Silicium 3, 2022

Installation, modules en acier peint / Exposition L’esprit des lieux, 2022, Abbaye Saint-Jean d’Orbestier, Musée du MASC, Les Sables d’Olonne, commissariat Philippe Piguet.



Philippe Piguet, catalogue d’exposition, Anaïs Lelièvre, L’esprit des lieux, Musée du MASC, Sables d’Olonne, 2022.
« Des relations de l’œuvre à l’espace de sa monstration, deux cas de figure sont à considérer. Le premier, qui est le plus ancien, porte sur le moment même de sa création et de son rapport au lieu où elle s’informe. Tel est le cas des peintures rupestres qui épousent le relief des parois sur lesquelles elles sont réalisées ou celui, plus contemporain, d’installations faites spécialement pour le contexte. Le second cas concerne des œuvres modulables, qui préexistent et qui sont en capacité de s’adapter à l’espace où elles sont présentées. Dans l’une comme dans l’autre de ces deux situations, ces œuvres sont pensées par leurs auteurs aux fins de mettre en exergue l’esprit des lieux qui les accueillent.

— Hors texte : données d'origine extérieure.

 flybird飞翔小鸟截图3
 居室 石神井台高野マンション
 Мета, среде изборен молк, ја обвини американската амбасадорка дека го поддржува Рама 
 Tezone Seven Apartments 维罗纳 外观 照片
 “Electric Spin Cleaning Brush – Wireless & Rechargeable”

Non seulement l’art d’Anaïs Lelièvre est requis par cet esprit des lieux mais il procède tout à la fois de ces deux cas de figures. De fait, si l’artiste n’envisage son travail que dans une étroite relation à l’histoire des lieux où elle intervient, recherchant toute documentation qui lui permette de l’appréhender au mieux, elle le nourrit sans cesse du développement des expériences traversées. Sa démarche gagne ainsi la pertinence d’un continuum qui la charge de sens, tout en modulant celui-ci des situations qui lui sont offertes, et les formulations qu’elles trouvent reposent sur un socle conceptuel et formel solidement réfléchi.

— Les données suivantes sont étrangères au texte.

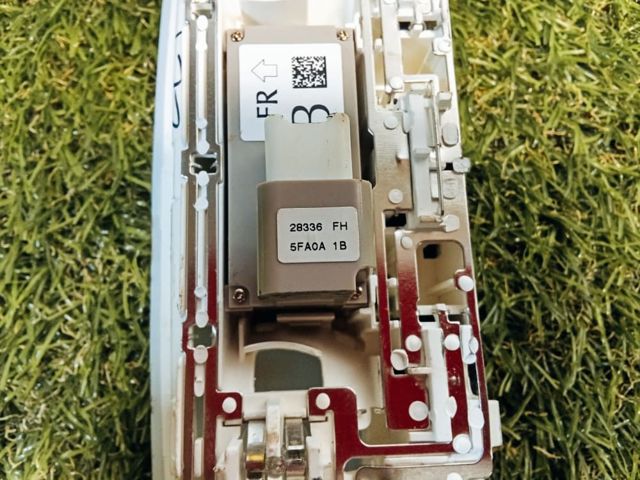 Мікрофон 283365FA0A NISSAN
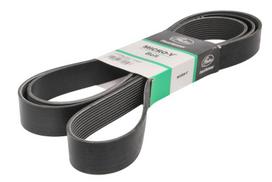 V formos rumbuoti diržai GATES GAT11PK2871HD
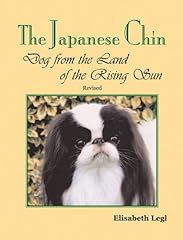 Japanese chin dog for sale  Delivered anywhere in UK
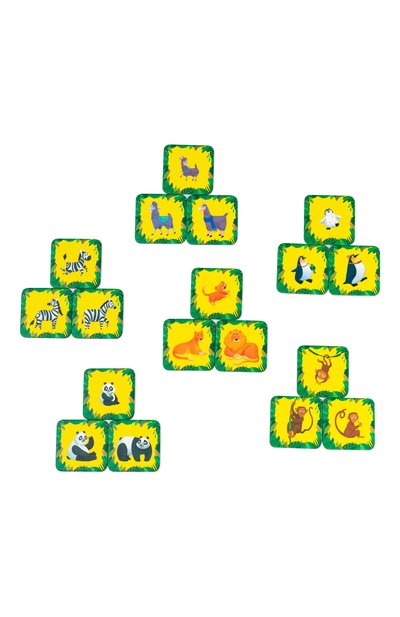 Настольная карточная игра тримо анимо KONIK GAMES, арт. KG0004, фото 4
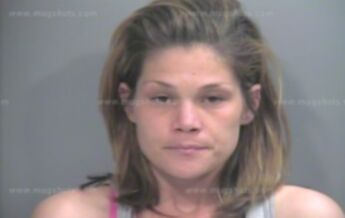 Stefhanie Linville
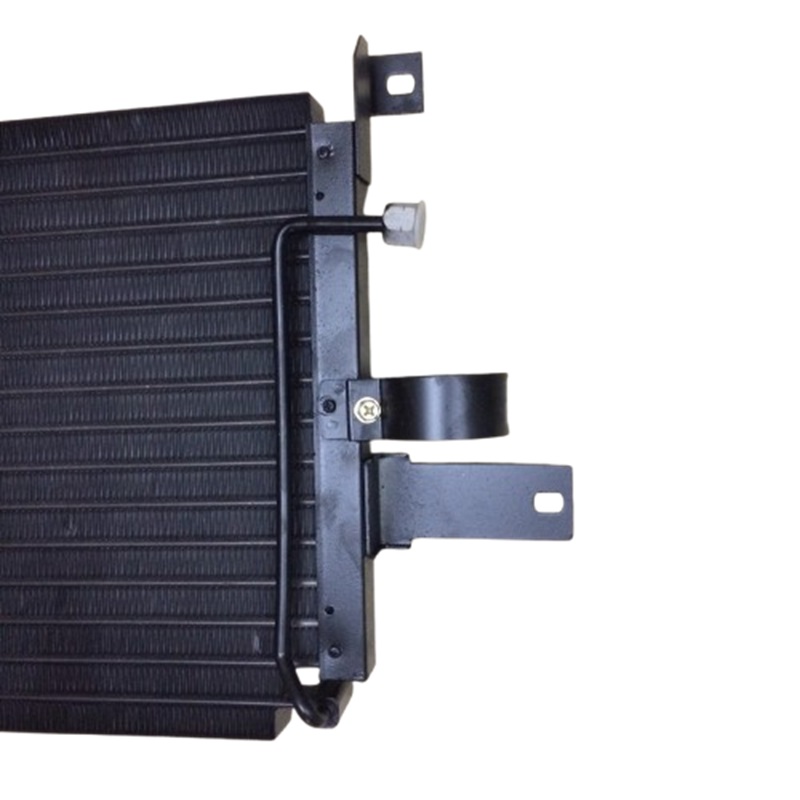 แผงแอร์/รังผึ้งแอร์ ISUZU TFR/DRAGON(ดราก้อน) เครื่อง 2.5cc ปี1997-2001 (งานO.E.M PACO รับประกัน 1ปี) (CL-3925)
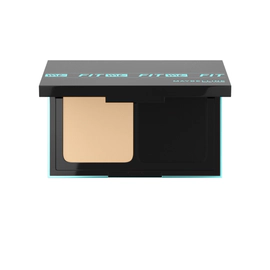 Maybelline Base en Polvo Fit Me Ultimate Powder Fps44 220 natural Beige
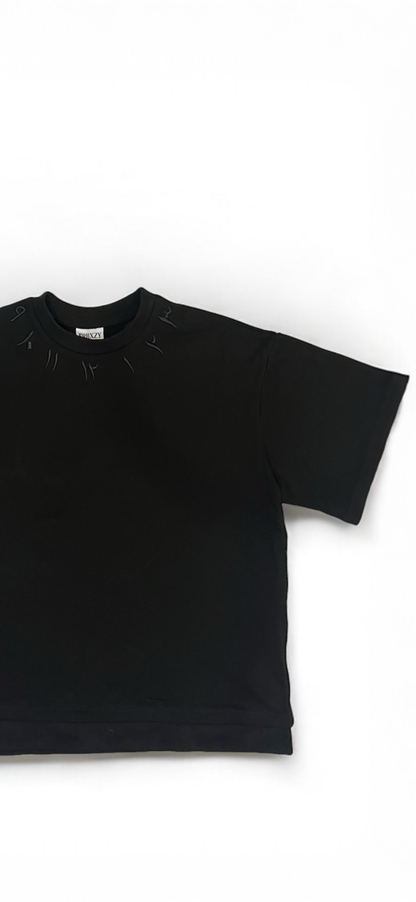 Arabic Chrono shirt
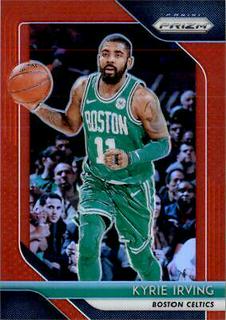 Kyrie Irving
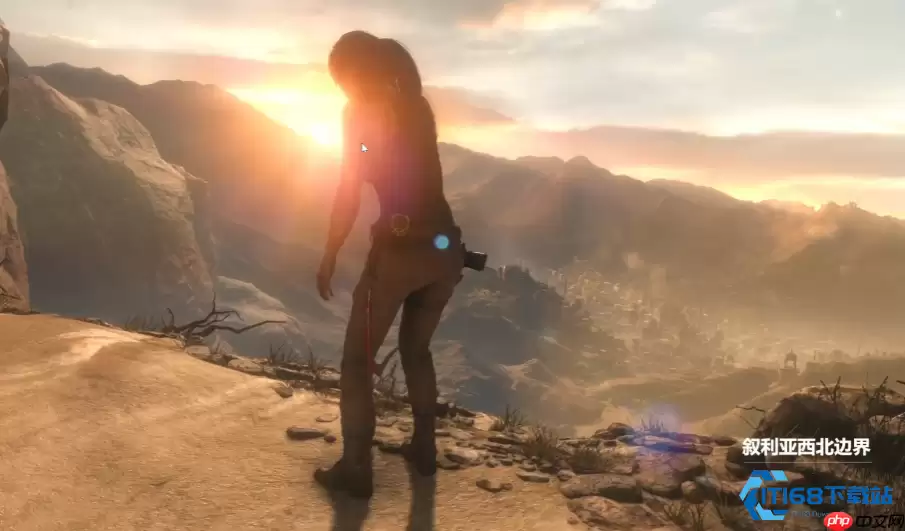 重返叙利娅不是梦！通关后自由探索完整攻略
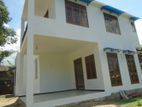 Two Story House Sale In Hanwella - CH1586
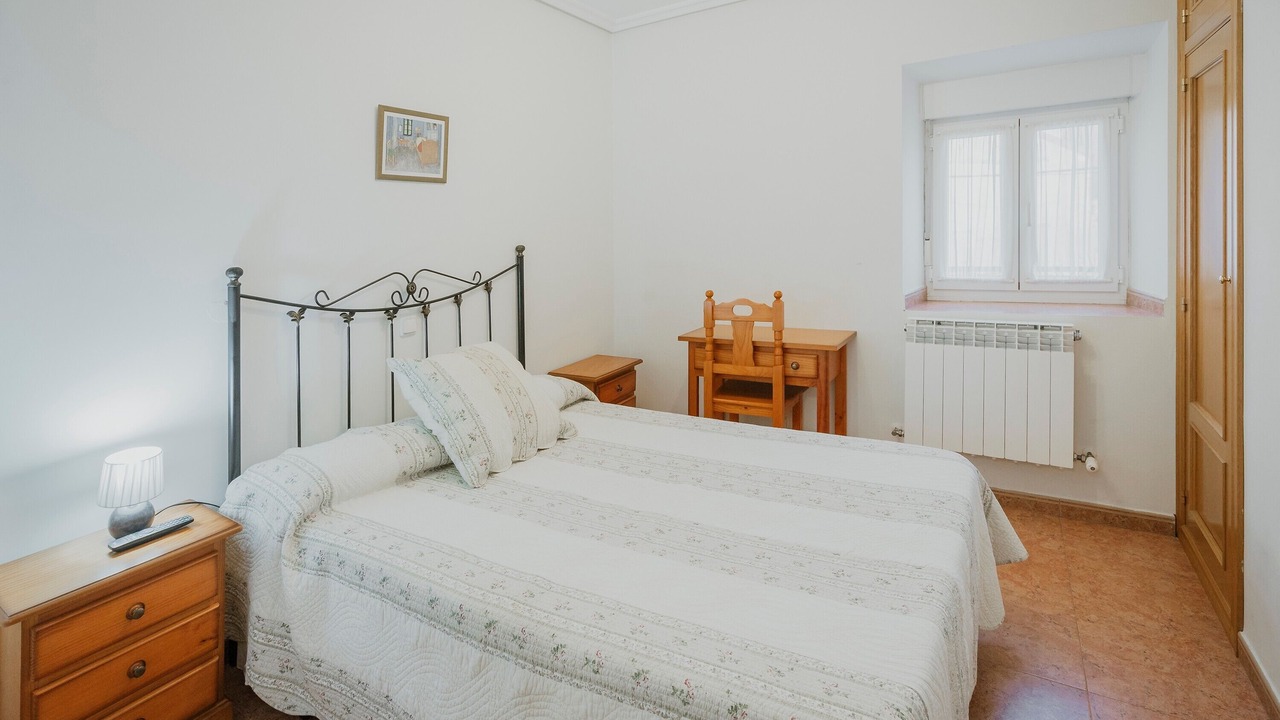 Photo of Bedroom in Sasamon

Aux Sables d’Olonne, invitée à habiter les espaces de l’abbaye d’Orbestier, d’une part, de la Croisée du MASC, de l’autre, Anaïs Lelièvre a choisi d’intervenir suivant trois modalités distinctes. Ici, elle rejoue les éléments d’une pièce existante – Pinnaculum – et en développe une autre – Caryopse ; là, à partir de la déclinaison d’un module utilisé antérieurement, elle le démultiplie en un dispositif totalement inédit – Silicium 3. Quoiqu’elles soient séparées par l’éloignement des deux lieux d’exposition, ces trois installations se raccordent, sinon s’accordent par leur nature graphique – dessin imprimé pour la première, sculptures filaires pour les deux autres. Cela les rassemble virtuellement dans l’espace et leur confère la force d’une unité. […]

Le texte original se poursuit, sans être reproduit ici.